__Task statement__.
Instruction for the data below: set down exactly the lines from the line with "NYX Prof. Makeup" to the line with "ESSL Identix Lx-16", inclusive, and no others.

__Record excerpts__.
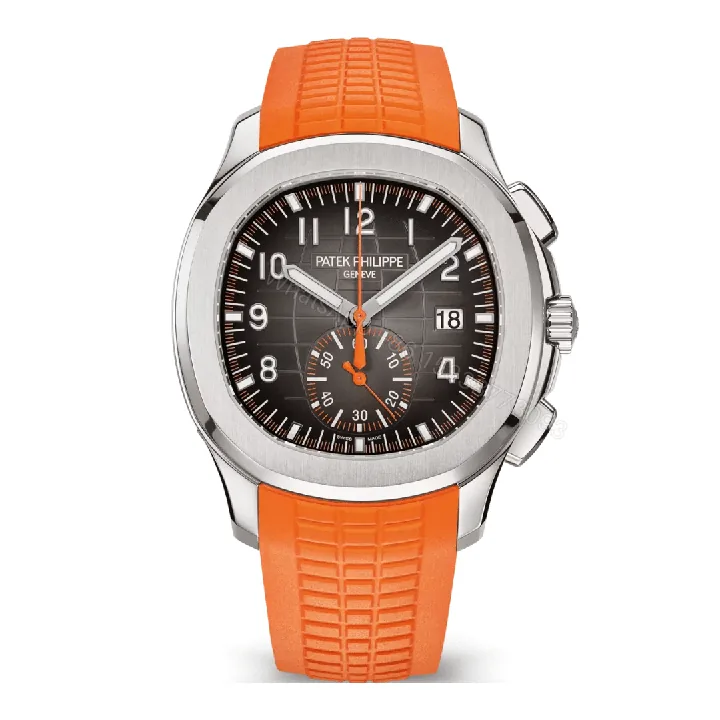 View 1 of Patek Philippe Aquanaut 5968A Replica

---

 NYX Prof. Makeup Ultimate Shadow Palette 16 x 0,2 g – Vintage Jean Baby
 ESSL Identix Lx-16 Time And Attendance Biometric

...

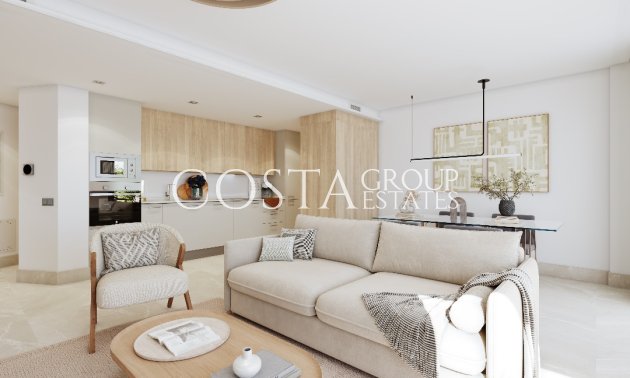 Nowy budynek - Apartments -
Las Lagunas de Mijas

__Exercise response__.
 NYX Prof. Makeup Ultimate Shadow Palette 16 x 0,2 g – Vintage Jean Baby
 ESSL Identix Lx-16 Time And Attendance Biometric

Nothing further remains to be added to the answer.